It was Friday afternoon, and the Vice President of Marketing sat talking with the Vice President of Manufacturing in his office. “You know, our employees seem to be getting lazier and more worthless every day. People used to take pride in their work and go the extra mile for the company, but these days everybody just seems to be doing the absolute minimum they can get away with. What do you make of it?”

The Vice President of Manufacturing considered this for a moment and said, “Well, I just think that people don’t have the same work ethic they used to. Employees used to be thankful to have a job and a steady paycheck. I think that this new “me” generation just doesn’t know the meaning of hard work and loyalty like their parents did. They’re always looking for a free ride and the easy way out. They don’t want to have to earn what they get anymore.”

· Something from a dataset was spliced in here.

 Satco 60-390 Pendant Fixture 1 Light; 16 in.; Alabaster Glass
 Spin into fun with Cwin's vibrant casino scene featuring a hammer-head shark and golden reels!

With that unmistakable “ain’t it awful” look on his face, the Vice President of Marketing nodded his agreement. “Well, this conversation is getting depressing. The Old Man isn’t around; what do you say we go play eighteen holes at the country club this afternoon? We can charge it off to the company as business development. It’ll be okay, too, because I’ll send you all the business you can handle!” The men shared a hearty laugh and headed out the door toward the parking lot.

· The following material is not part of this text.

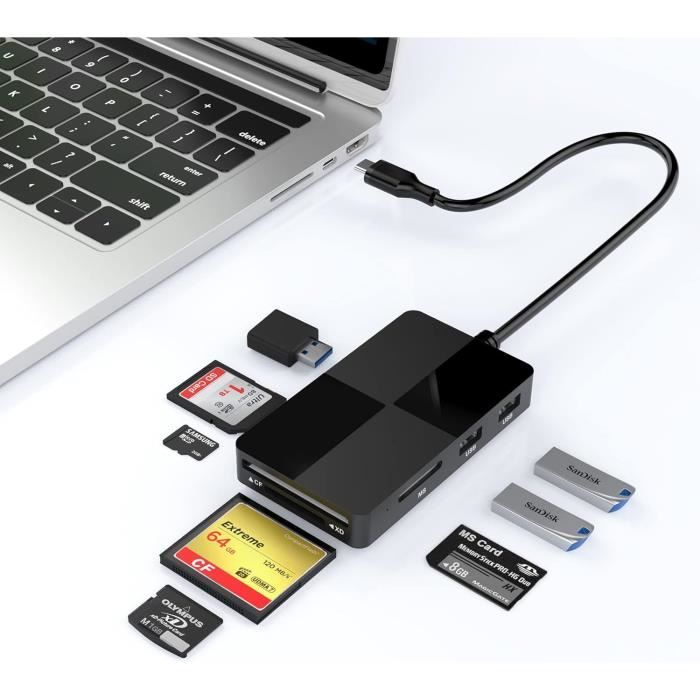 Hub De Lecteur De Carte Usb C, 5 Cartes Mémoire Avec 3 Usb3.0 ...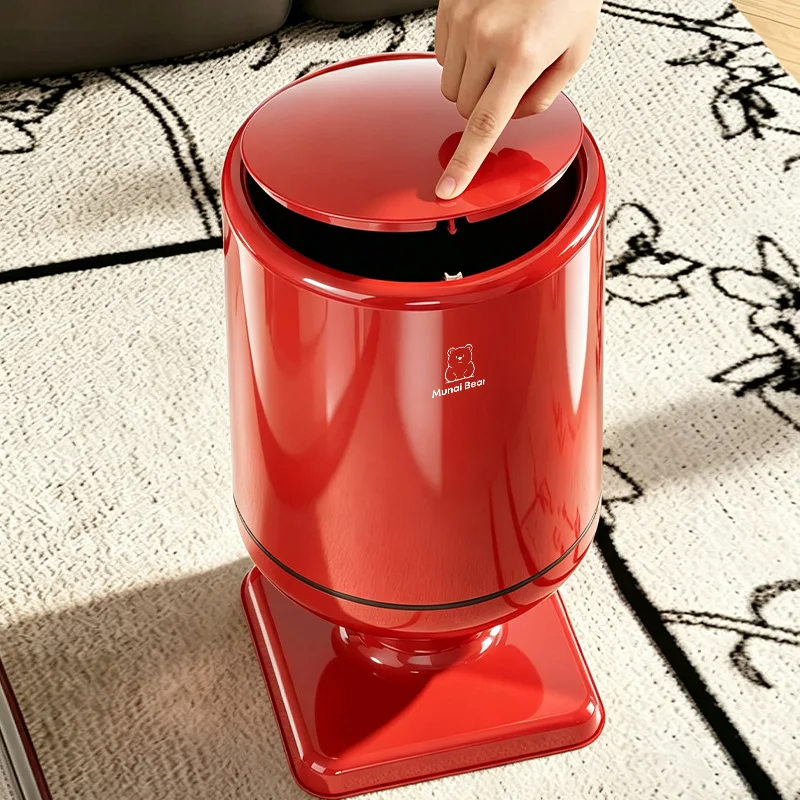 Tall Goblet Trash Can Large Capacity Living Room Movable Wheels No Bending Press Open Lid No Bending Required Multifunction Bin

What’s wrong with this picture? If a succinct definition of organizational culture is an organization’s values and priorities, what would you say is the organizational culture of this company? The Vice Presidents talk as if the important values in the company are things like mutual respect, pride in the quality of one’s work, teamwork, and loyalty.

But what are the values that these leaders of the organization are exemplifying by their behavior? To me they look like dishonesty, disrespect, lack of teamwork, and lack of pride in one’s work.

Here’s the thing. Regardless of what is written on the plaques and posters hanging on the walls of an organization, the behavior of its leaders determines its organizational culture. These leaders’ actions speak louder than their words and set the cultural tone for the entire organization. If you were an employee, what would you pay attention to?

The bottom line is that the most powerful way to change an organization’s culture is to change the behavior of its leaders. These cultural changes can be reinforced throughout the organization through communication, performance appraisal, compensation systems, etc., but it is important not to lose sight of leaders’ responsibility as the creators of organizational culture and as the originators of change in organizational culture.


Technique #1: Ensure that the organizational culture of your organization is communicated clearly throughout the organization.

Technique #2: Be certain that your actions exemplify your organization’s cultural values, especially if you want others to subscribe to these values.

Technique #3: If changes need to be made to your organizational culture, then use your leadership authority to be a powerful exemplar of the new cultural values.